Exercise brief -
Find, in the records below, the line that contains "Technik Der Fibrinklebung" and the line that contains "DJ XNB – E Get Why Mix". Copy those two lines and everything between them exactly, but not the pictures.
------------------------------------------------------------
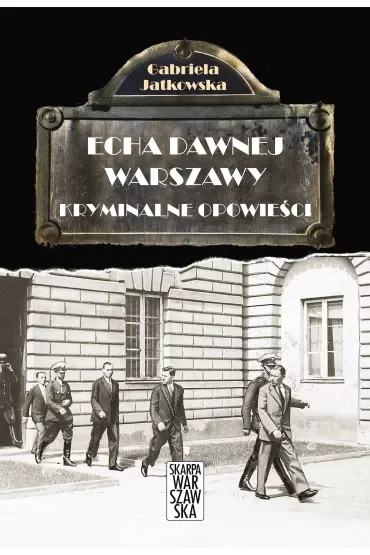 Echa dawnej Warszawy Tom 4. Kryminalne opowieści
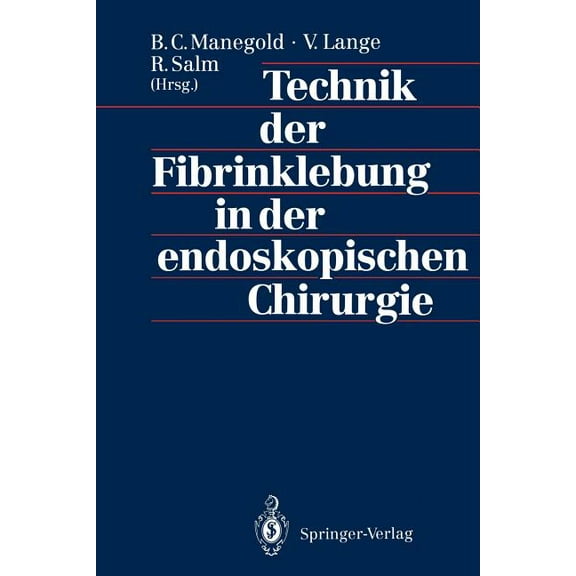 Technik Der Fibrinklebung in Der Endoskopischen Chirurgie, (Paperback)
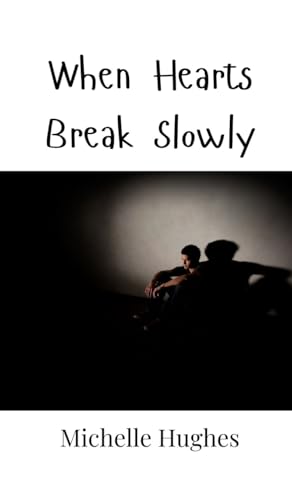 When Hearts Break Slowly von Creative Arts Management OÜ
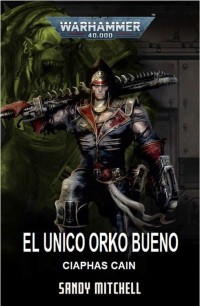 Sandy Mitchell — El Único Orco Bueno (Warhammer 40,000(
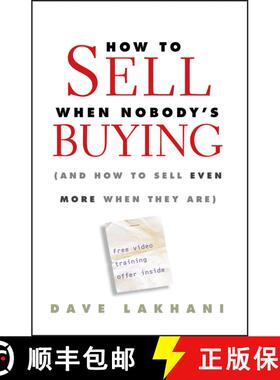 【3-4周达】How To Sell When Nobody'S Buying: (And How To Sell Even More When They Are) [Wiley经管] [9780470504895]
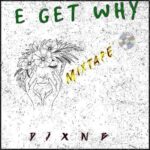 DJ XNB – E Get Why Mix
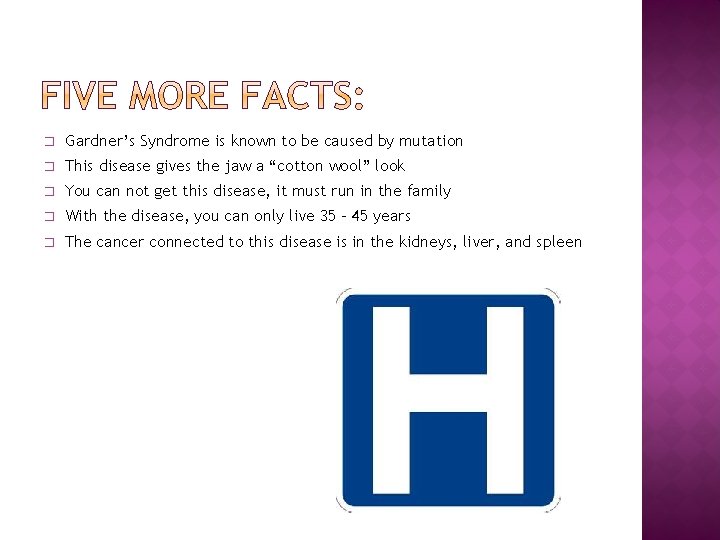 � Gardner’s Syndrome is known to be caused by mutation � This disease gives � Gardner’s Syndrome is known to be caused by mutation � This disease gives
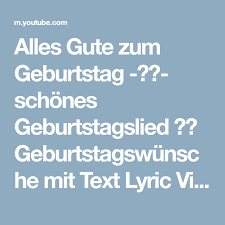 Alles Gute Zum Geburtstag Liedtext Best Trend Inspiration And Styles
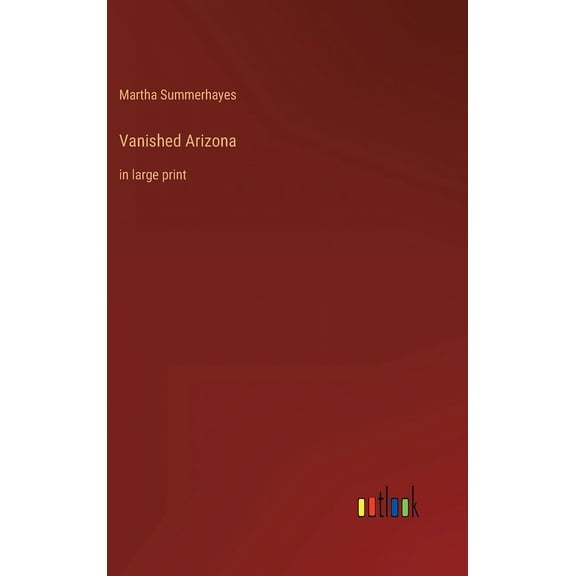 Vanished Arizona : in large print (Hardcover)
------------------------------------------------------------
Result of this exercise -
 Technik Der Fibrinklebung in Der Endoskopischen Chirurgie, (Paperback)
 When Hearts Break Slowly von Creative Arts Management OÜ
 Sandy Mitchell — El Único Orco Bueno (Warhammer 40,000(
 【3-4周达】How To Sell When Nobody'S Buying: (And How To Sell Even More When They Are) [Wiley经管] [9780470504895]
 DJ XNB – E Get Why Mix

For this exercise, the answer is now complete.